蟻通神社ブログ
長滝の歴史・その2
<長滝(ながたき)という地名の起源伝説>
長滝というところは、わき水(デユ)、泉の多い所で、昭和初年、村内に19か所の泉(出湯)があったと記録されています。
湧水は、ユまたはフチと呼ばれています。長滝という地名に関係が深いのが、クズハユ(葛葉井)で、ここは、JR阪和線の長滝駅の線路の山側に、現在もあります。
「和泉名所図会」には、ある樵(きこり)が犬鳴山の滝つぼに葉を流したところ、長滝のクズハユに流れ着いたことから、犬鳴山から続く、<長い滝>という地名がついたのだという話が載せられているそうです。長滝の扇状地の地形的な特徴を、よくとらえた伝承といえるそうです。
このクズハユの水は、上之郷と長滝に分けられ、長滝の水は、更に西と東に別れます。西は、樫井川に沿った一帯を灌漑し、東に別れた水路は、山手に行きます。古代の稲作には、この湧水は、随分便利で、気候も温暖な所なので、古くから人が住みついていただろうと推測されます。
自分の住んでいる町の名前が、その土地の歴史的な伝承に基づいているのは、平成の大合併などで、元の町名がなくなってしまった方々から見ると、うらやましいのだそうです。
参考資料:長滝の民俗(泉佐野市史編纂委員会) 蟻通神社と長滝( 川口 玄 著 )
郷土・長滝のお話 蟻通神社の権禰宜 2011年07月07日
長滝の歴史
<中世以前> 長滝は、古代河内の日根郡の一部として存在していました。やがて日根郡の一部は、河内から分離されることとなり、これが和泉国賀美郷で、現在の上之郷、日根野、長滝、新家、田尻、中通、佐野を包含する地域でありました。 律令体制のもとでは、この地の行政は和泉国府中におかれた役所によって管掌されましたが、国司が実際に現地に赴任することはなく、賀美郷の実質的支配は、在地の豪族日根造によってなされていたようです。この地の開発の成否は、水の供給にありましたが樫井川が山から平野に出ようとする所に井堰がもうけられ、ここから日根野をはじめ一帯の平野に水が引かれています。 この井堰の所に、古来、大井関神社(日根神社)が祀られており、こうしたことから同社は、おそらく日根造の時代に日根野・長滝・上之郷におよぶ水系の神を祀ったものと考えられています。 大井関神社の祭礼は、現在も日根野・長滝・上之郷の広範な地域が関わっていて、その祭祀圏は中世の荘園の範囲をも超えているそうです。同神社の祭祀圏は、こうした古代の開発の面影を残すものと考えられています。 私は、子どもの頃、長滝に住んでいるのに、なぜ日根神社さんのお祭りに参加するのかよく分かっていませんでした。現在、長滝にお住まいの方々の中にも、古来からの伝承や信仰をご存じでない方もいらっしゃると思います。神社の関係者の私たちが、もっと地域の皆様に知って頂くように、努力しないといけないなと思います。

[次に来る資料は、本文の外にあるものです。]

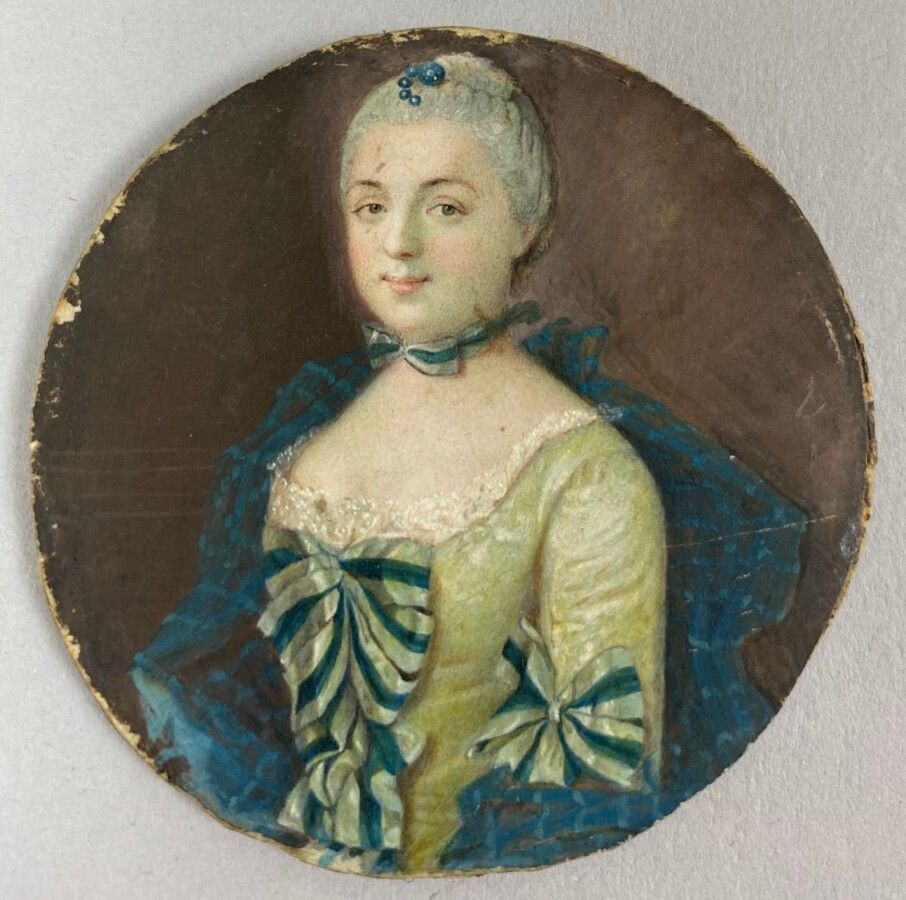 Null 18th century FRENCH SCHOOL: "Portrait of a woman of quality in a green dres&hellip;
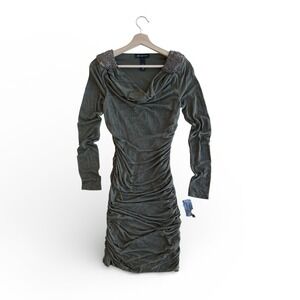 INC Ruched Camo Dress M Utility Chic Olive Green Beaded Cowl Neck Midi Dress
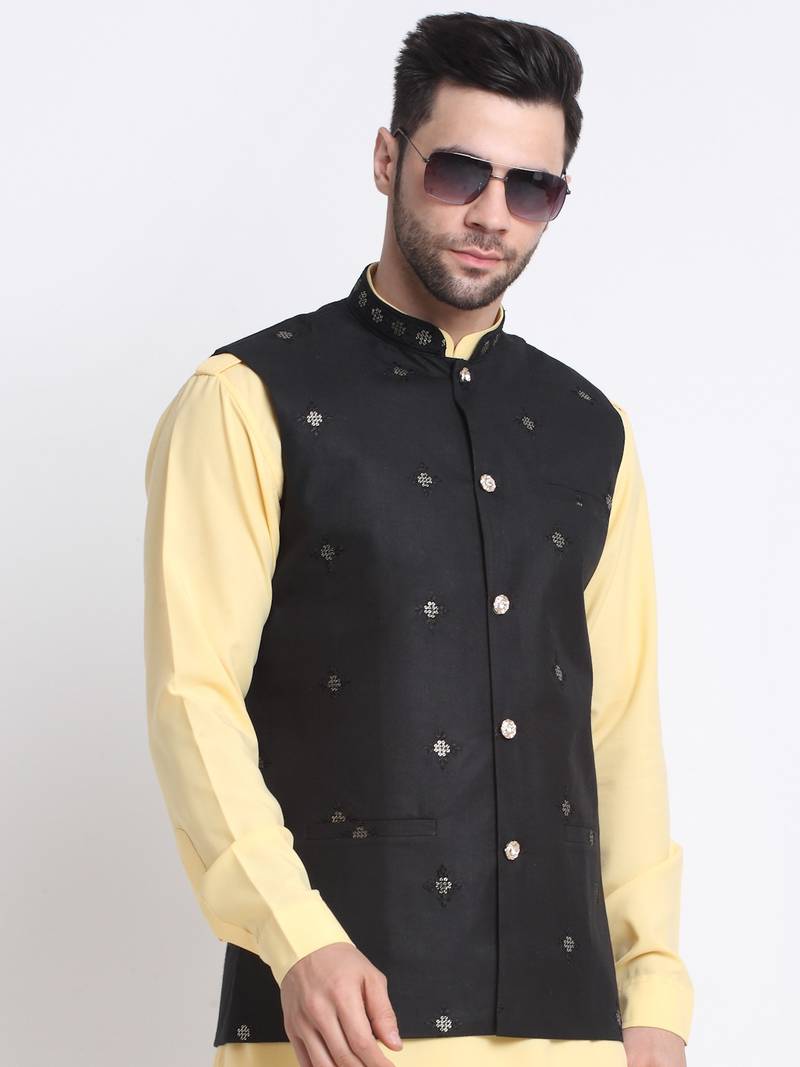 Men Cotton Yellow Pathani Kurta & Salwar with Black Jacket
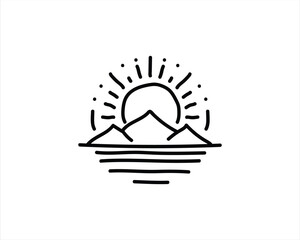 Sunrise logo in minimalist mountain outline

日根神社さんの祭礼で、春の枕祭りと夏のゆ祭りに、長滝地区の皆様が日根野・上之郷の皆様とご一緒に、ご奉仕していただいています。ゆ祭りは樫井川の水源の安全と夏の災厄除けを祈願するお祭りです。毎年、7月の第三土曜日で、今年は、7月16日(土)に行われます。7月号の市報の裏表紙にも、ご案内が掲載されています。
ゆ祭りでは、「五社音頭」にあわせて、浴衣姿の3町のご婦人方が、踊りを奉納致します。長滝町内会のご協力を得て、毎年女性の方々に踊りのご奉仕をお願いしております。暑い中、毎年大勢の方がご参加してくださって、ありがたいなと感謝しております。
今年は、長滝地区は、7月11日に町内会館で練習をさせて頂きます。どうぞよろしくお願いいたします。